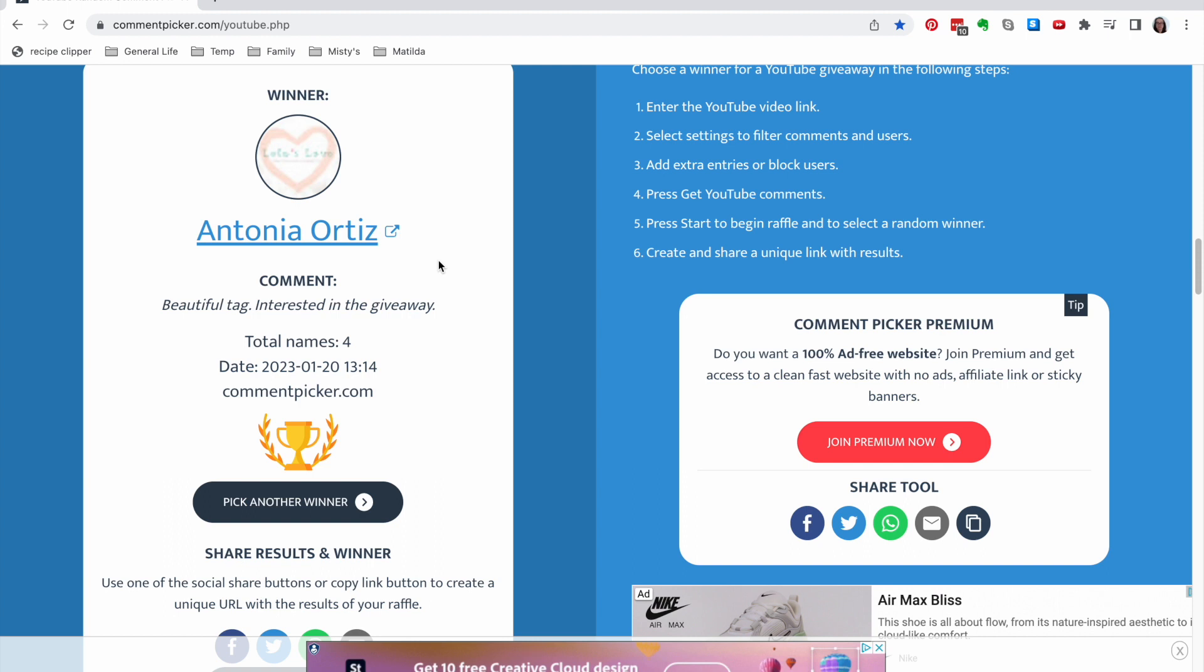Antonia, you are our winner. I will get in touch with you via a YouTube comment to tell you how to reach me to claim your prize. And don't forget to check those comments so that you don't miss out.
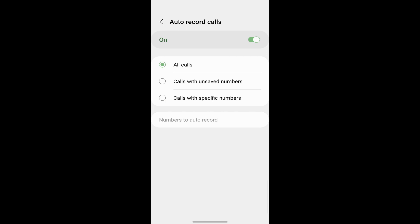And over here, you can decide which calls you want to record. The first option is to record all calls. So then every time you get a call, it'll get recorded.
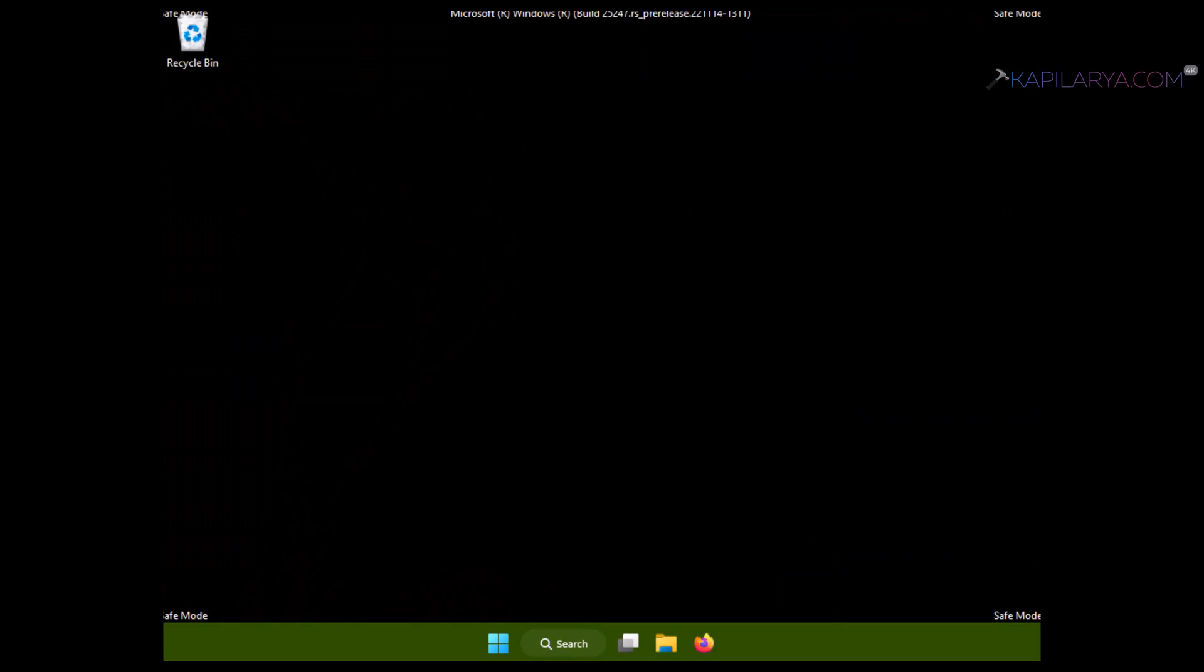You will be taken to the desktop where you can see that this is a black screen desktop with Safe Mode mentioned at the corners to indicate that you are working in Safe Mode. Here you can accomplish your goal for booting into Safe Mode.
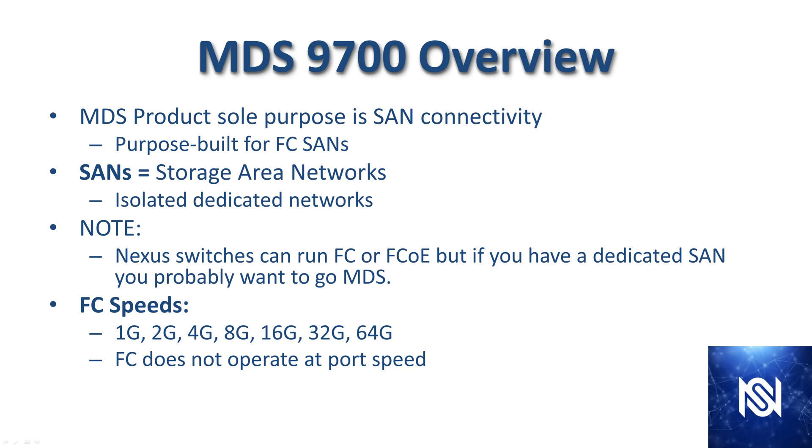Fiber Channel operates at the speeds you see there: 1G, 2G, 4G, 8G, 16G, 32G, 64G - it doubles every time. It does not operate at the line rate of the port, so in order to go 16 gig you probably need a 25 gig port at minimum.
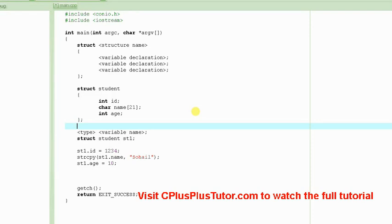Welcome to C Programming Tutorials. This tutorial is the continuation or part two of the previous tutorial in which we are discussing structures, how to create structures and how to access their members.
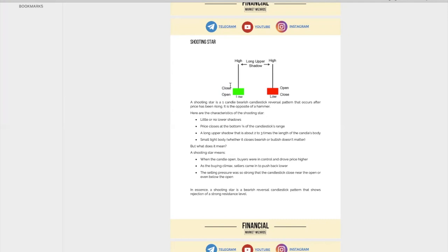So let me explain what a shooting star means. When the candle first opened, buyers are in control and they push price up — it seems like buyers are very strong. But beyond a certain point, they hit into selling pressure where the bears come in and take control. They start to sell back down and price ends up closing near the open or even below the open. So the selling pressure was so strong, and this is a sign of bearishness. If you use this in conjunction with a strong resistance level, this is one of the ways you can actually trade.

------------------------------------------------

What you produce should repeat the data word for word while omitting all images.

SOLUTION TO THIS EXERCISE:
Antonia, you are our winner. I will get in touch with you via a YouTube comment to tell you how to reach me to claim your prize. And don't forget to check those comments so that you don't miss out.
And over here, you can decide which calls you want to record. The first option is to record all calls. So then every time you get a call, it'll get recorded.
You will be taken to the desktop where you can see that this is a black screen desktop with Safe Mode mentioned at the corners to indicate that you are working in Safe Mode. Here you can accomplish your goal for booting into Safe Mode.
Fiber Channel operates at the speeds you see there: 1G, 2G, 4G, 8G, 16G, 32G, 64G - it doubles every time. It does not operate at the line rate of the port, so in order to go 16 gig you probably need a 25 gig port at minimum.
Welcome to C Programming Tutorials. This tutorial is the continuation or part two of the previous tutorial in which we are discussing structures, how to create structures and how to access their members.
So let me explain what a shooting star means. When the candle first opened, buyers are in control and they push price up — it seems like buyers are very strong. But beyond a certain point, they hit into selling pressure where the bears come in and take control. They start to sell back down and price ends up closing near the open or even below the open. So the selling pressure was so strong, and this is a sign of bearishness. If you use this in conjunction with a strong resistance level, this is one of the ways you can actually trade.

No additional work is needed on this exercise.